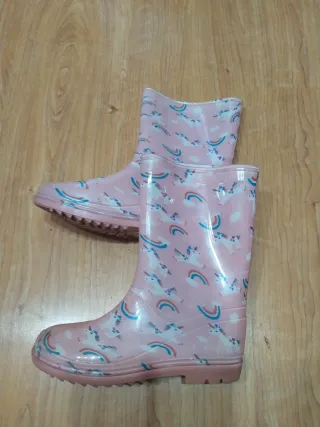 Botas de lluvia unicornio niña talla 35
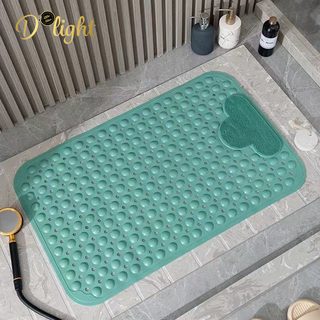 Dlight Anti Slip Bathroom Floor Mat with Suction Massage Bath Mat Shower Safety #8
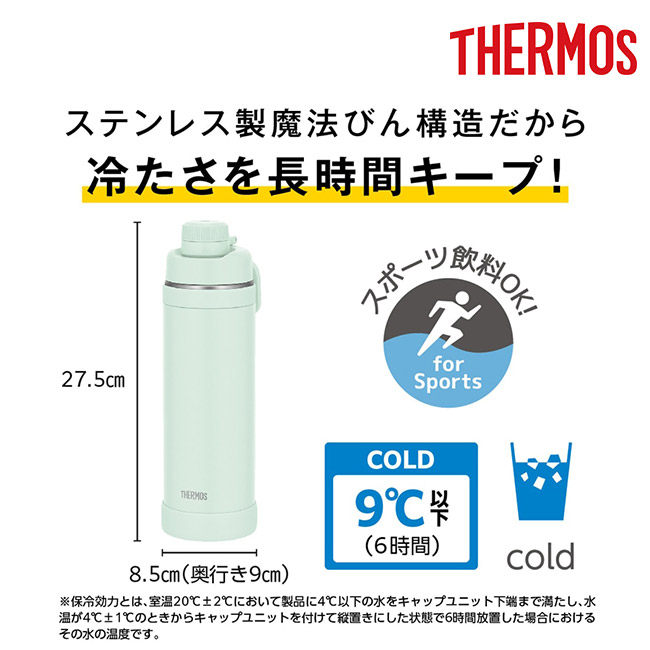 サーモス(THERMOS)真空断熱スポーツボトル 1000ml/FJU（FJU-1001）冷たさを長時間キープ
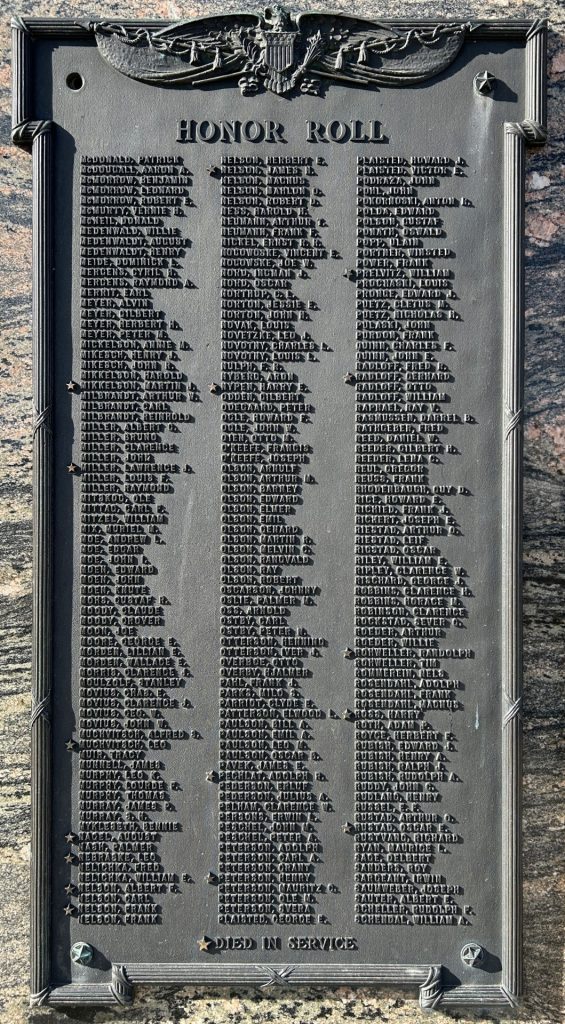 RICHLAND COUNTY THE GREAT WORLD WAR MEMORIAL PLAQUE B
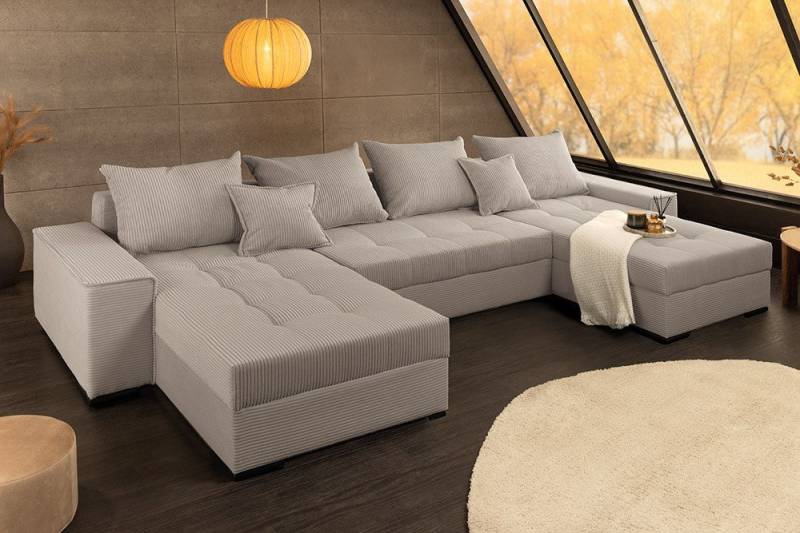 riess-ambiente Wohnlandschaft LODGE 315 cm greige – Cord, Couch mit Schlaffunktion & Bettkasten, Einzelartikel 1 Teile, komfortables XXL-Sofa mit Federkern – ideal fürs moderne Wohnzimmer riess-ambiente Wohnlandschaft LODGE 315 cm greige – Cord, Couch mit Schlaffunktion & Bettkasten, Einzelartikel 1 Teile, komfortables XXL-Sofa mit Federkern – ideal fürs moderne Wohnzimmer von riess-ambiente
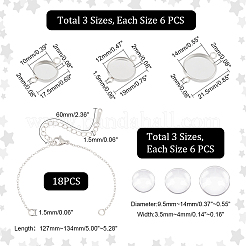 DIY Blanko-Set zur Herstellung von flachen DIY-UN0004-54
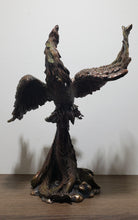 Load image into Gallery viewer, Top Collection 12 Inch Mythical Rising Fire Phoenix Statue in Cold Cast Bronze
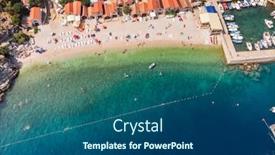  Presentation with coast line - Theme enhanced with bali-beach-coast-line background and a ocean colored foreground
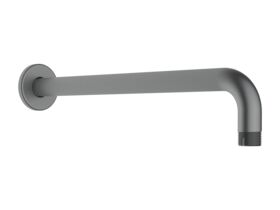 Hero - Roca Ona Wall Straight Shower Arm 400mm Brushed Gunmetal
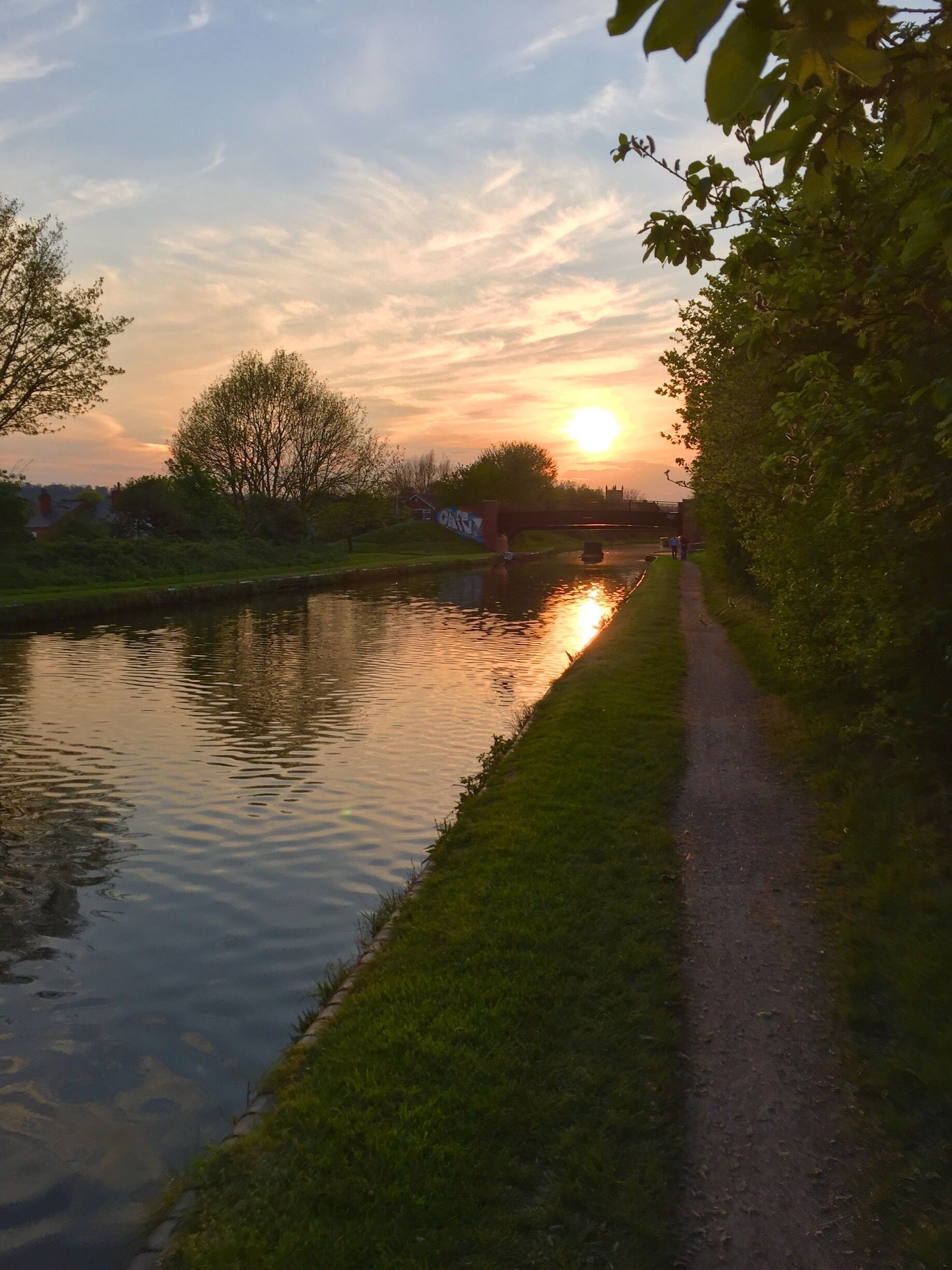 This is the Birmingham canal but this stretch runs through Tipton and under Owen Street, we call it 'Tipton cut' 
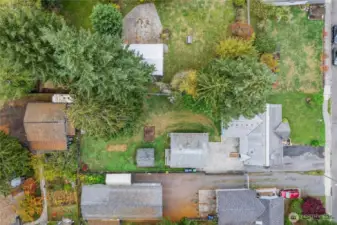 Arial photo of house/yard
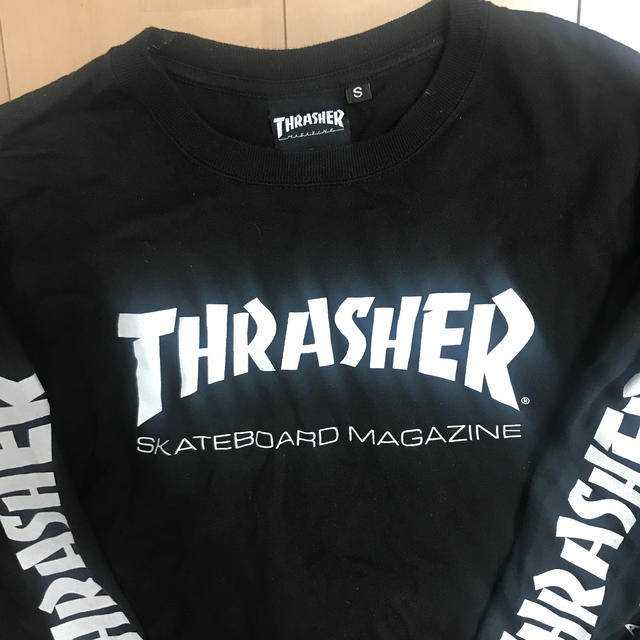 THRASHER(スラッシャー)のTHRASHER  Sサイズ　150センチキッズok キッズ/ベビー/マタニティのキッズ服女の子用(90cm~)(Tシャツ/カットソー)の商品写真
★ ★ ★ ★
Only the lines from the top of the material through the line containing "RICHLAND COUNTY THE" should be written out, exactly and without pictures.

 Botas de lluvia unicornio niña talla 35
 Dlight Anti Slip Bathroom Floor Mat with Suction Massage Bath Mat Shower Safety #8
 サーモス(THERMOS)真空断熱スポーツボトル 1000ml/FJU（FJU-1001）冷たさを長時間キープ
 RICHLAND COUNTY THE GREAT WORLD WAR MEMORIAL PLAQUE B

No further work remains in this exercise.